*REQUIREMENT*:
With the pictures left out, repeat every entry that follows exactly.

====================

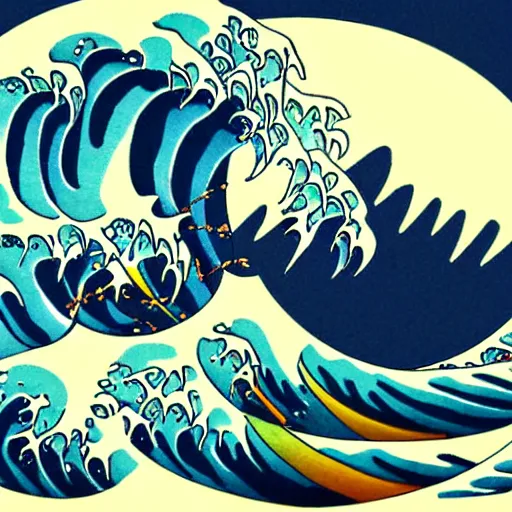 Prompt: detailed illustration, a elderly man surfing in the style of the great wave off kanagawa, surfing, 🏄,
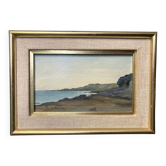 Perron charles, huile sur carton paysage bord de mer signée xxème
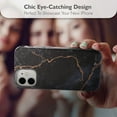 thumbnail image 4 of Vena Melange Marble Case Compatible with Apple iPhone 12 Mini (5.4"-inch), (Drop Proof Protection) Stylish Glitter Sparkle Bumper Case Cover - Black, 4 of 8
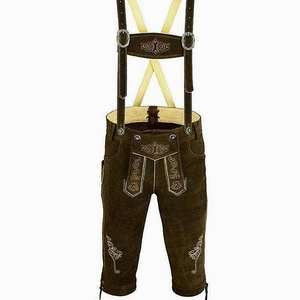 กางเกงหนังสีน้ำตาลเข้มบาวาเรียนระดับพรีเมียมสำหรับผู้ชาย ขนาด EU 46 ถึง 62 - Product Image 1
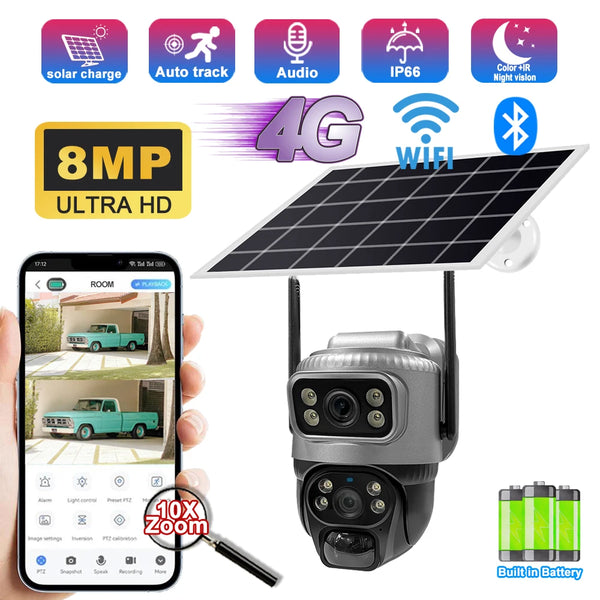 8MP 4K Solar 4G WiFi Outdoor Camera with Dual Lens & PIR Detection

====================

*SOLVED PROBLEM*:
 Prompt: detailed illustration, a elderly man surfing in the style of the great wave off kanagawa, surfing, 🏄,
 Perron charles, huile sur carton paysage bord de mer signée xxème
 thumbnail image 4 of Vena Melange Marble Case Compatible with Apple iPhone 12 Mini (5.4"-inch), (Drop Proof Protection) Stylish Glitter Sparkle Bumper Case Cover - Black, 4 of 8
 กางเกงหนังสีน้ำตาลเข้มบาวาเรียนระดับพรีเมียมสำหรับผู้ชาย ขนาด EU 46 ถึง 62 - Product Image 1
 8MP 4K Solar 4G WiFi Outdoor Camera with Dual Lens & PIR Detection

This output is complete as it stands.